Another potential limitation is that we had decided a priori to calculate the distribution-based values for data at t2, not at t1 or t3. We did so because the time-point matched with one that is frequently used in clinical trials. We did not calculate it for all time-points because we wanted to establish a method that could be applied to all scales of the module and restrict the number of possible MID and MIC values for one scale to a reasonable amount. Failure to do so could potentially confuse clinicians and consequently let them return to the simpler 10-point rule [5] or the 16% of the range-rule [8]. However, concentrating on only one time point bears risks. For example, if Cronbach’s alpha of the instrument differs following treatment (t2) in contrast to before (t1), then these SEM-based estimates differ as well. In our study, the differences in reliability were luckily very small (Cronbach’s alpha was 0.83 at t1, 0.85 at t2 and 0.85 at t3).

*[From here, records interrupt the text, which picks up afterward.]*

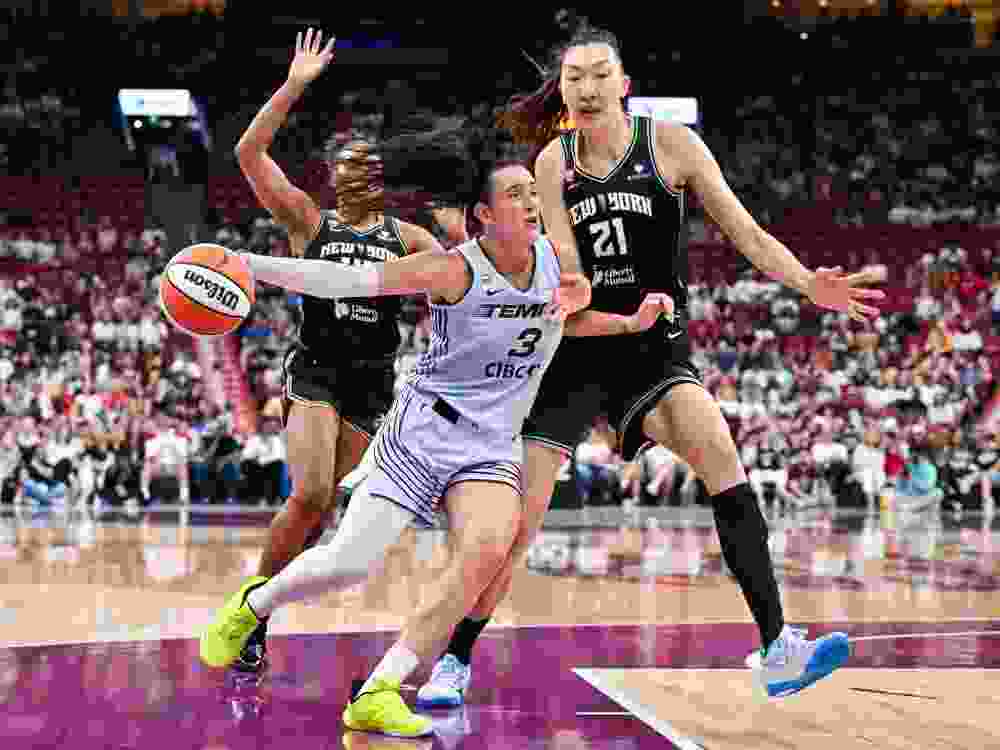Marina Mabrey of the Toronto Tempo drives to the basket against Han Xu of the New York Liberty during their game in Montreal on Sunday.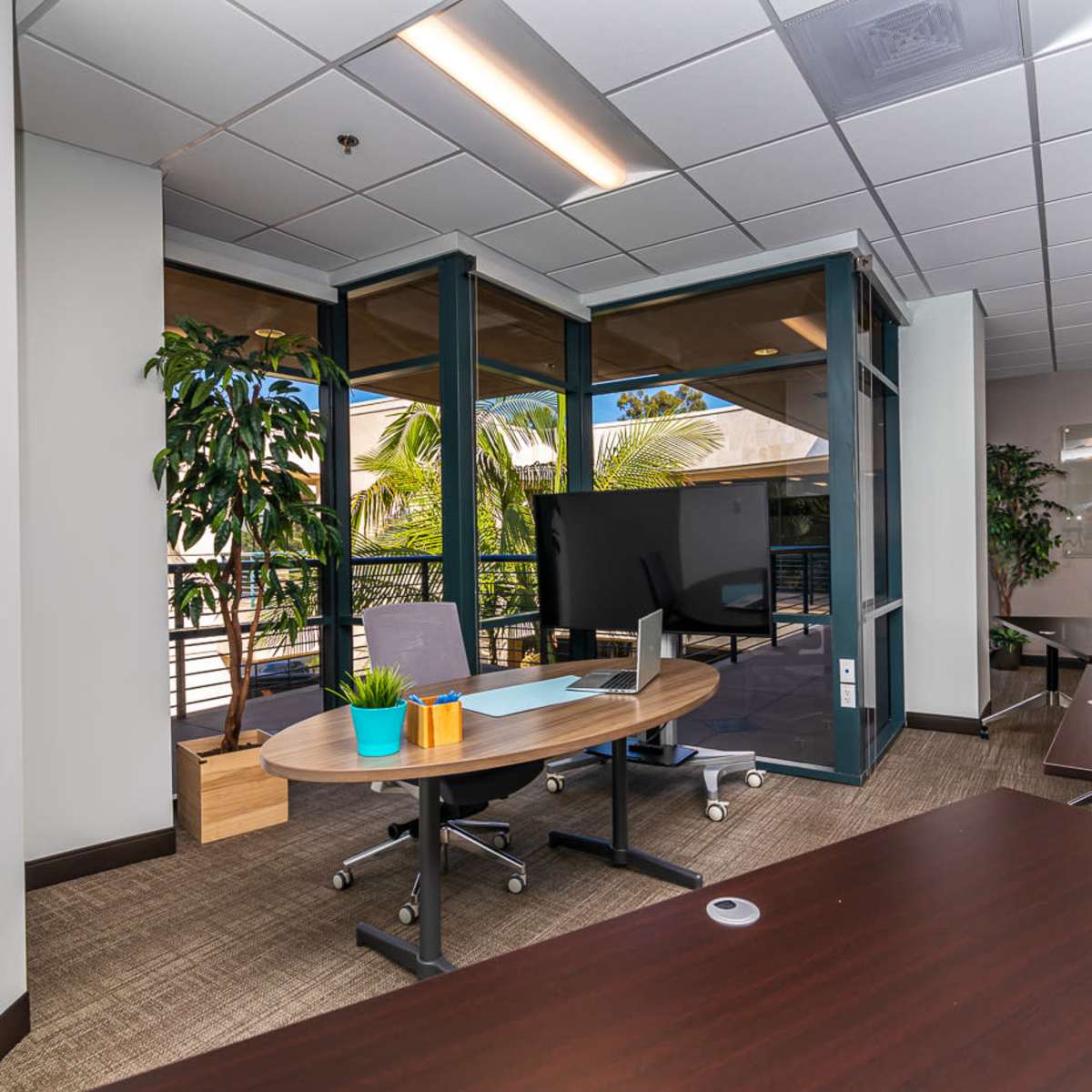 A modern office space with glass doors, a large screen on a stand, and multiple tables arranged for meetings, surrounded by greenery.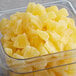 A container of dehydrated pineapple chunks on a table.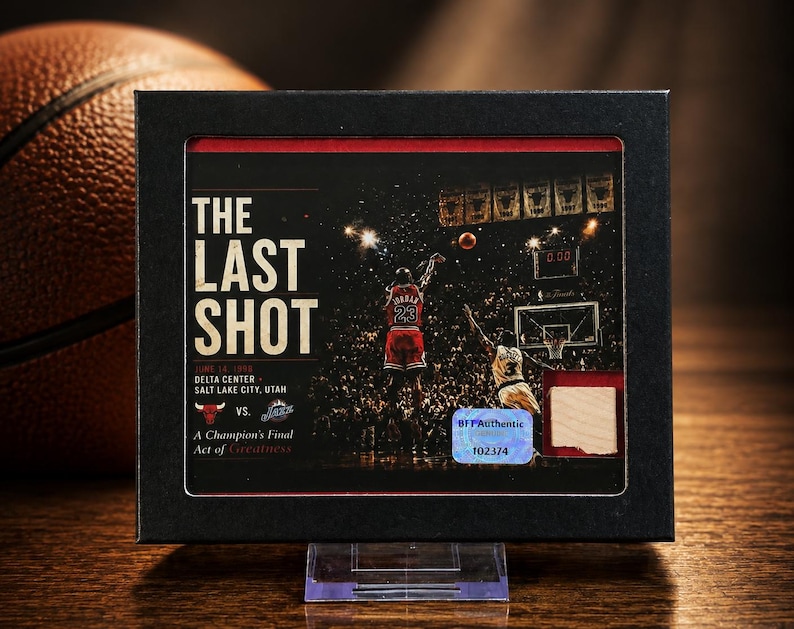 May include: A framed sports collectible titled The Last Shot featuring Michael Jordan in a red jersey, a basketball court scene, the text June 14 1998 Delta Center Salt Lake City Utah, a Bulls and Jazz logo, and a small wood piece with a holographic sticker.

A further point discussed in our group was the difficulty encountered in trying to determine MIC and MID, and we consider thresholds [42, 43] as a potential alternative. However, we decided to continue determining MIDs and MICs because of their importance not only for researchers and clinicians but also for regulatory bodies.

Conclusions

In summary, the current study used a variety of anchor- and distribution-based approaches to examining MIDs and MICs for Swallowing scores in a newly refined QoL instrument, the EORTC QLQ-HN43. The investigation drew on a large, international database encompassing repeated assessments completed by over 500 patients from 28 treatment centres around the world. To develop a feasible model, we focused on impaired swallowing, a domain of QoL that is of direct importance to head and neck cancer patients and clinicians. Findings illustrate some of the challenges of obtaining appropriate clinical anchors. Nonetheless, the estimates generated may help clinicians and investigators to interpret the meaning of EORTC QLQ-HN43 Swallowing scores and plan investigations. Results identified a number of strategies that appear to be useful in generating MIDs and MICs for this instrument, and we look forward to further examining their value with respect to additional scales on the module.